> [TASK REQUIREMENTS]:
Transcribe the whole listing exactly; the images stay out.

> [RECORDS SHOWN]:
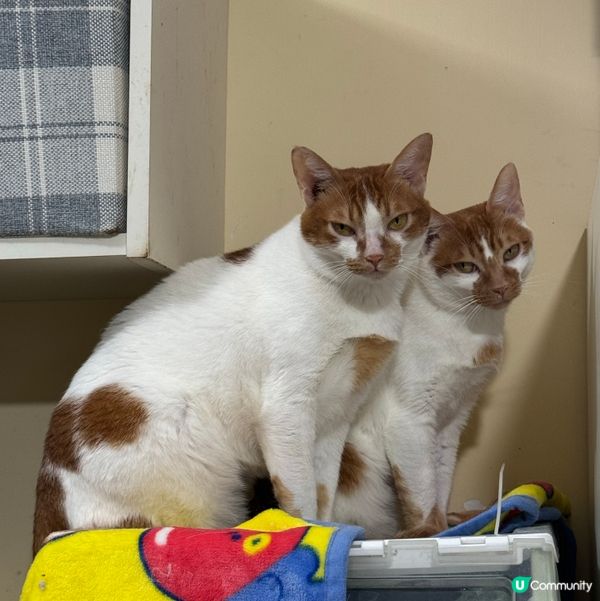 因為遲咗少少返屋企, 兩隻貓就西口西面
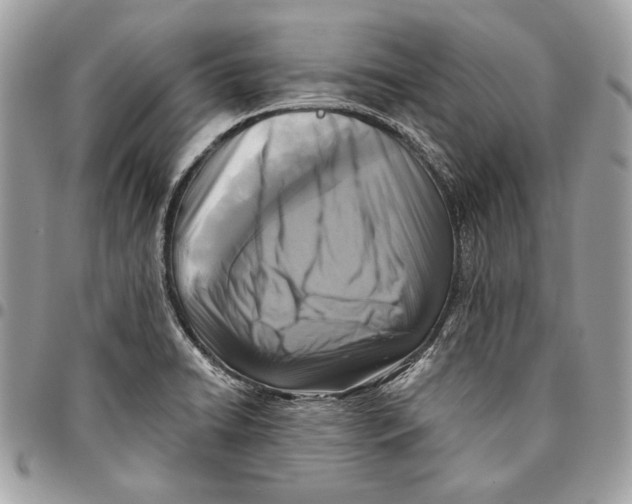 X0000096211422200802081451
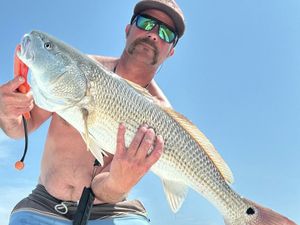 Redfish on the Move: Prime Sight-Casting Conditions on Suffolk's Shallow Flats
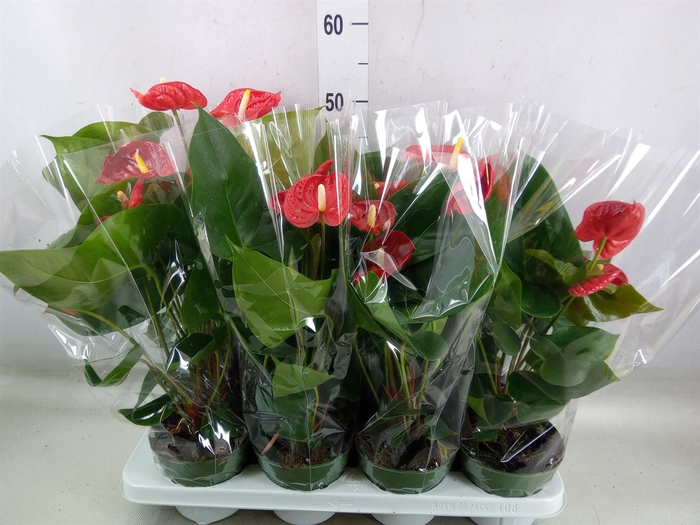 <h4>Anthurium andr. 'Madural'</h4>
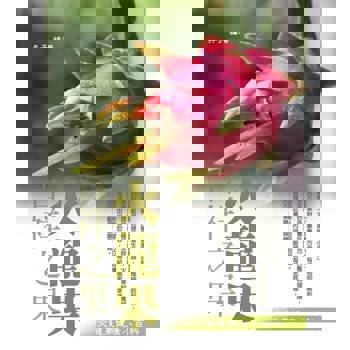 【電子書】吉祥之果：火龍果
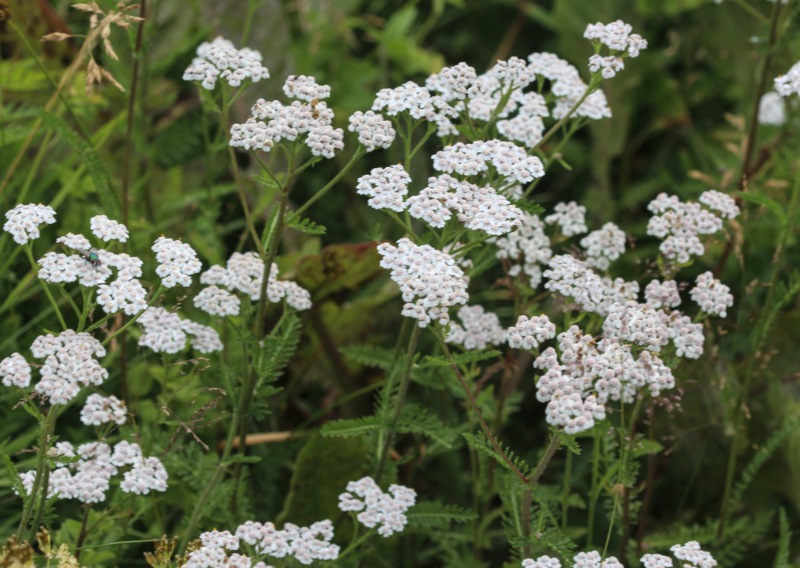 Achillea-(Yarrow)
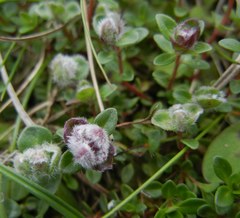 Aceria thomasi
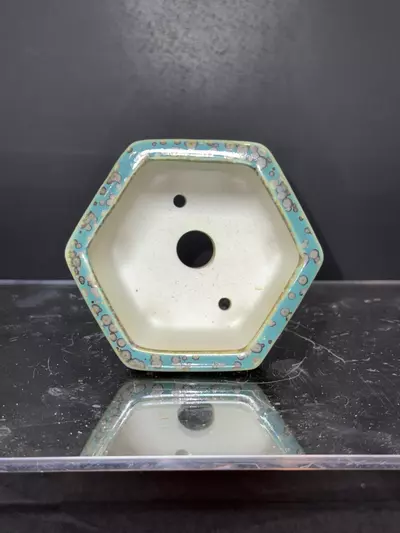 plant/Tiny “Mame” Bonsai Pot-2-thumbnail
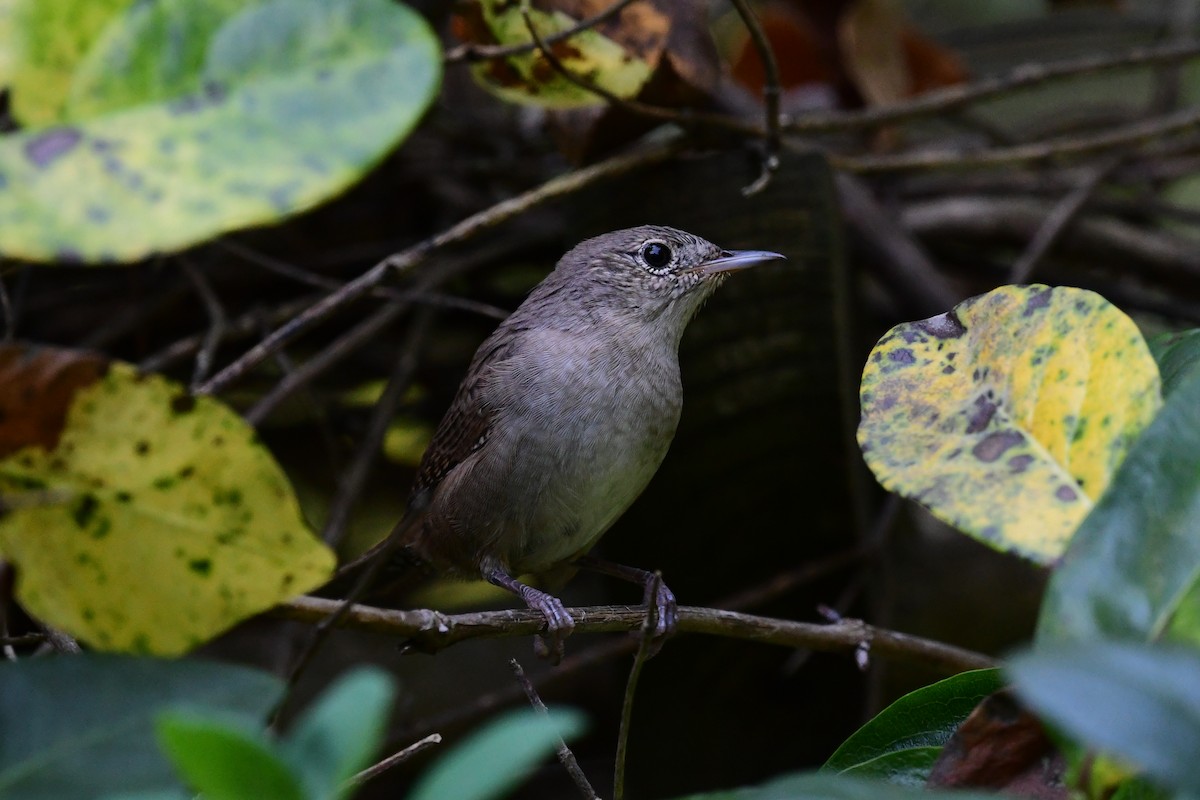 Chochín Criollo (grupo aedon) - ML623876886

> [REPLY]:
 因為遲咗少少返屋企, 兩隻貓就西口西面
 X0000096211422200802081451
 Redfish on the Move: Prime Sight-Casting Conditions on Suffolk's Shallow Flats
 <h4>Anthurium andr. 'Madural'</h4>
 【電子書】吉祥之果：火龍果
 Achillea-(Yarrow)
 Aceria thomasi
 plant/Tiny “Mame” Bonsai Pot-2-thumbnail
 Chochín Criollo (grupo aedon) - ML623876886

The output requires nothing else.